Artificial nest boxes will bring these birds into your garden, especially when natural nest spaces are scarce. 

Food is the key to keeping birds coming back into your outside space. Offer food on a bird feeder or bird table, and pick out food that these birds love. Nuthatches are particularly fond of nuts, seeds and suet

Like most other UK birds, Nuthatches are a huge fan of bird baths or a fresh source of water. The Nuthatches, and other birds, use this to clean themselves and drink from. 

This small bird is sensitive to disturbances, so try and create a quiet environment to encourage their presence in your garden. 

Do Nuthatches Come to Bird Tables?

Nuthatches are known for visiting bird tables - in fact, they have been seen taking seeds like sunflower hearts from the bird table and storing it for future use.

Five Facts about Nuthatches  

  1. Nuthatches are unique among British birds for their ability to climb down tree trunks headfirst, unlike other birds which usually climb up. Their powerful legs and strong claws allow them to move easily in this manner. This behaviour helps them locate insects and seeds hidden in the bark.

  2. Nuthatches are quite vocal birds and have distinct calls. They often produce a loud "yank yank" sound that can be heard echoing through woodlands. This vocalisation serves not only to communicate with other Nuthatches but also to establish territories and attract mates.

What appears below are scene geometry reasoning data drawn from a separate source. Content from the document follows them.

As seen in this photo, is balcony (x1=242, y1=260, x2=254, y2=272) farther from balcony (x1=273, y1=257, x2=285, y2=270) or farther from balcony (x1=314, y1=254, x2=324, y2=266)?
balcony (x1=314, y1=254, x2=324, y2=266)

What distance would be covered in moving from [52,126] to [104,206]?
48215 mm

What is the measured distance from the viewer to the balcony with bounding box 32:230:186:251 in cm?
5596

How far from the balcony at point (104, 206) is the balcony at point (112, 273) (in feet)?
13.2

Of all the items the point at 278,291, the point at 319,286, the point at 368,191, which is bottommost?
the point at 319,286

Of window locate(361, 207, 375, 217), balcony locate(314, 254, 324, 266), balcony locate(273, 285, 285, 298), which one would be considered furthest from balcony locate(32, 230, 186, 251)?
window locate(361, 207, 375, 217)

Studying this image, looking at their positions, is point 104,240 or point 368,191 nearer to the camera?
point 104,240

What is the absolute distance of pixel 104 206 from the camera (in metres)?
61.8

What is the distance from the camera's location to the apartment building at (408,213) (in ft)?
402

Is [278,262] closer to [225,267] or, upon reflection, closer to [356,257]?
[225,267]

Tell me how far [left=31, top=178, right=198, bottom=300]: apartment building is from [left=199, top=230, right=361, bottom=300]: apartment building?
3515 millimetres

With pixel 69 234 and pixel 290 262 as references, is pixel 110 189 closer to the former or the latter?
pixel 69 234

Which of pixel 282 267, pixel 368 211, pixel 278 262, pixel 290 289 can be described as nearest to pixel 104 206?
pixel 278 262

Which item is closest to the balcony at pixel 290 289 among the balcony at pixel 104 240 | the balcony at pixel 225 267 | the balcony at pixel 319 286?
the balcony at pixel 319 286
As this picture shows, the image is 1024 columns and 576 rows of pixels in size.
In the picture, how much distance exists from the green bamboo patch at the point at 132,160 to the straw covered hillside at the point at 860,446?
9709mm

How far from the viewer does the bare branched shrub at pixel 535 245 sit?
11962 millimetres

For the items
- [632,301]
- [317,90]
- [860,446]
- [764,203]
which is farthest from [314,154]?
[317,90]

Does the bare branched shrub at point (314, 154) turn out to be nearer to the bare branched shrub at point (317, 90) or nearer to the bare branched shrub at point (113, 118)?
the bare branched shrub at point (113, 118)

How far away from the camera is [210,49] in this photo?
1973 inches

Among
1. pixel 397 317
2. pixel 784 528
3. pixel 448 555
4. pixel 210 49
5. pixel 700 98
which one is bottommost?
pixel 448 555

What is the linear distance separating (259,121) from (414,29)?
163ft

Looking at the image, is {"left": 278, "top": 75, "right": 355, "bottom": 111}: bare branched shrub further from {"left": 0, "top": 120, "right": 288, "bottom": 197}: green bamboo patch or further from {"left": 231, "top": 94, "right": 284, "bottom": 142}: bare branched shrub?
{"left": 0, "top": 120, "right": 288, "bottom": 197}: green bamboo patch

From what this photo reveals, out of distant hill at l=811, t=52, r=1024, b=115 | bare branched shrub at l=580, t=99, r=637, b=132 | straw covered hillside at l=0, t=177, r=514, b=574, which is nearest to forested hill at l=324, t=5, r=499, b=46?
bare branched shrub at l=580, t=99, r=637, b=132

  3. During autumn, Nuthatches are known to store food and hide them in crevices in tree bark or even bury them in the ground for later consumption. They have an exceptional memory and can remember the locations of hundreds of these hidden food caches, which they rely on during harsher weather conditions when food is scarce.

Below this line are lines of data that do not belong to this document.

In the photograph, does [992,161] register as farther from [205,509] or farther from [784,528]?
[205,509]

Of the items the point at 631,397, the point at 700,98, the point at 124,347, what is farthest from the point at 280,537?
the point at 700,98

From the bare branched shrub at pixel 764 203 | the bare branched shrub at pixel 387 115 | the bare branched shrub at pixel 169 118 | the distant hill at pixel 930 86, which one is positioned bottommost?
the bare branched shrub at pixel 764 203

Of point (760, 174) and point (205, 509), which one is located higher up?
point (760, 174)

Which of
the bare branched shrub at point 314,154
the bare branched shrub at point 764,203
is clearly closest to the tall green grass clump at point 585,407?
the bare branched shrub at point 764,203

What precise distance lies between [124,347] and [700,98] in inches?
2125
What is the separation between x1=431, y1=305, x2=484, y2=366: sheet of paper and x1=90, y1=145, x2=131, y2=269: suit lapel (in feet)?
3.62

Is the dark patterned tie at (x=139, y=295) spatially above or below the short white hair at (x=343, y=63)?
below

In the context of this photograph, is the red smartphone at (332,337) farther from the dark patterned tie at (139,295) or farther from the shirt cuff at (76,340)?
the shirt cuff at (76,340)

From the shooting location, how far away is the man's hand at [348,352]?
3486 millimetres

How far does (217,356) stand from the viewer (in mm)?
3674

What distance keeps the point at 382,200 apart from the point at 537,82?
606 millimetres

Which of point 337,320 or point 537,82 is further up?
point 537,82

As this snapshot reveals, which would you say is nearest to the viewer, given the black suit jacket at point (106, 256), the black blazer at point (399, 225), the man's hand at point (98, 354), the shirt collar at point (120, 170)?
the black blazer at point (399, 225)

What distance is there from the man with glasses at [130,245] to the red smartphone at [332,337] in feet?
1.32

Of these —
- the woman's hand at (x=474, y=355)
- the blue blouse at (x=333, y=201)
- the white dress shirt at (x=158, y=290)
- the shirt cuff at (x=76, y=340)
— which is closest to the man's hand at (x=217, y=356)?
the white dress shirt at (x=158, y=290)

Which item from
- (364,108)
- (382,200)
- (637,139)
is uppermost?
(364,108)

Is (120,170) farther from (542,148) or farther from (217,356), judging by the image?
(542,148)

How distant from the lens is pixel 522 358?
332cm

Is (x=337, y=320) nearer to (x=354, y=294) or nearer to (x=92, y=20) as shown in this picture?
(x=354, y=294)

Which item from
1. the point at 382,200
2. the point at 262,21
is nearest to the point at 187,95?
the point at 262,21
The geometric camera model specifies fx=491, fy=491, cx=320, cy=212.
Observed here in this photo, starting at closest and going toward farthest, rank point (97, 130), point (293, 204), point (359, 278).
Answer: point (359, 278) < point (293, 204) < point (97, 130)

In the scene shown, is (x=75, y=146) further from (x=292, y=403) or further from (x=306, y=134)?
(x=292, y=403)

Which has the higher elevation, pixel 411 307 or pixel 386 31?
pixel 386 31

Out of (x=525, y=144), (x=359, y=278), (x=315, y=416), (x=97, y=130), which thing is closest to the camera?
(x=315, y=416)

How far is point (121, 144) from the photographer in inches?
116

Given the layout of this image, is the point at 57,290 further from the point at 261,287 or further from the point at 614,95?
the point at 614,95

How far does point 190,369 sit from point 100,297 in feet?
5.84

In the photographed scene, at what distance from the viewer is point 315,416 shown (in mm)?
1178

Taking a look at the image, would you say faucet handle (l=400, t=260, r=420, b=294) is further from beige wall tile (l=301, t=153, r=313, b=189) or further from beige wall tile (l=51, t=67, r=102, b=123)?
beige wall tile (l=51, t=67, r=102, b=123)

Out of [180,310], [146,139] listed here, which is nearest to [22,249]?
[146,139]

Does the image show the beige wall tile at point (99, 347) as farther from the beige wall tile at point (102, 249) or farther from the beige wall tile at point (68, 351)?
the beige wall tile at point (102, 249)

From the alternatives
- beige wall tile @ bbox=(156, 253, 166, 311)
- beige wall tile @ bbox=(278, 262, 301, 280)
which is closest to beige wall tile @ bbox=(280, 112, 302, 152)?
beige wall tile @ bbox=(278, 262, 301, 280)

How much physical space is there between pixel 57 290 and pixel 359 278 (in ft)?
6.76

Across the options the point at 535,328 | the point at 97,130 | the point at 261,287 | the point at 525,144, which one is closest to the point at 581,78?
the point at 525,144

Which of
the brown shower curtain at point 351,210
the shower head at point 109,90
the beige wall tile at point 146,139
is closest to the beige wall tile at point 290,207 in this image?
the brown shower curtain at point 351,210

  4. Nuthatches are typically monogamous birds, forming long lasting pairs. They often engage in elaborate courtship displays, which include mutual feeding and chasing each other through the trees. Once paired, they work together to defend their territory and raise their young.

  5. These resilient birds are well adapted to surviving harsh winter conditions. Their compact bodies and thick plumage provide insulation against the cold, while their habit of storing food helps them endure periods of scarcity. They're also known to join mixed species flocks during winter, which provides safety in numbers and additional opportunities for finding food.